Faith & Family: Local sorority answers prayers of youth tutoring center
Published 12:05 am Saturday, February 1, 2014
NATCHEZ — Members of a local service organization answered the prayers of Joe and Diane Good by adopting an after-school tutoring center as part of a community project to help empower young boys and girls to make a difference in the community.
Alpha Kappa Alpha Sorority Incorporated (AKA) Zeta Delta Omega chapter adopted the D&J Resource Research Computer Center to help partner, assist and support the center’s mission and goals.
Joe and Diane Good started the D&J Youth Group a few years ago to expose children in Natchez to travel and culture they might not otherwise get a chance to see. The group takes small regional day trips to events in Baton Rouge, Jackson and Monroe, La., but has also traveled to San Antonio, Atlanta and Washington, D.C.

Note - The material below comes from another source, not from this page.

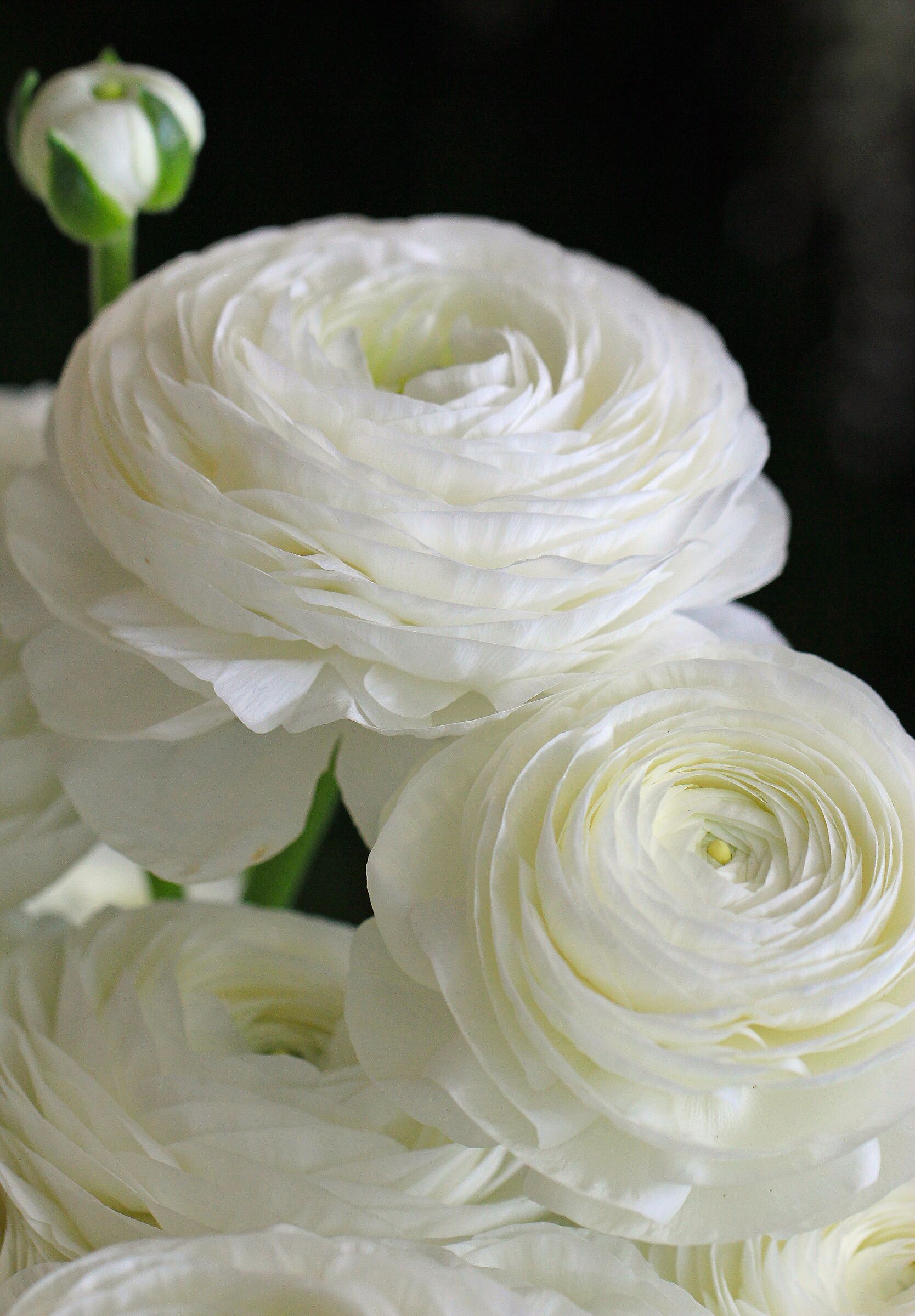 Ranuncolo asiatico bianco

As part of the mission to mold the children who participate in the group, D&J expanded its focus in 2012 to include an after-school computer and tutoring center.

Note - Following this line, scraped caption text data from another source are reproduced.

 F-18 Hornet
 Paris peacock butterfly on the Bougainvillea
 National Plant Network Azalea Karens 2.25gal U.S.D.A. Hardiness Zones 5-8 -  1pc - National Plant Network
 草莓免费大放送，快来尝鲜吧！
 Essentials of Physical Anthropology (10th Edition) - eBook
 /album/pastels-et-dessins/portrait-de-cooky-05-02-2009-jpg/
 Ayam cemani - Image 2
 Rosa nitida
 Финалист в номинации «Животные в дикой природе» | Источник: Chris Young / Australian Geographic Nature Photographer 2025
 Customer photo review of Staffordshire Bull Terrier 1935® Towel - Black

The expansion began initially because area children were going to the Goods’ house to use their Internet access after school. The Goods opened the center in a couple of donated shotgun houses on Claiborne Street.
Joe said members of the sorority heard about the center and asked how they could help.
“They just told us they wanted to help out any way they could,” Joe said. “They really answered our prayers, because we’ve been hoping for a group like this to come forward and help us.”
Martha Griffin, who chairs the project for AKA, said other sorority members were looking for any way to help out the Goods after learning about their mission.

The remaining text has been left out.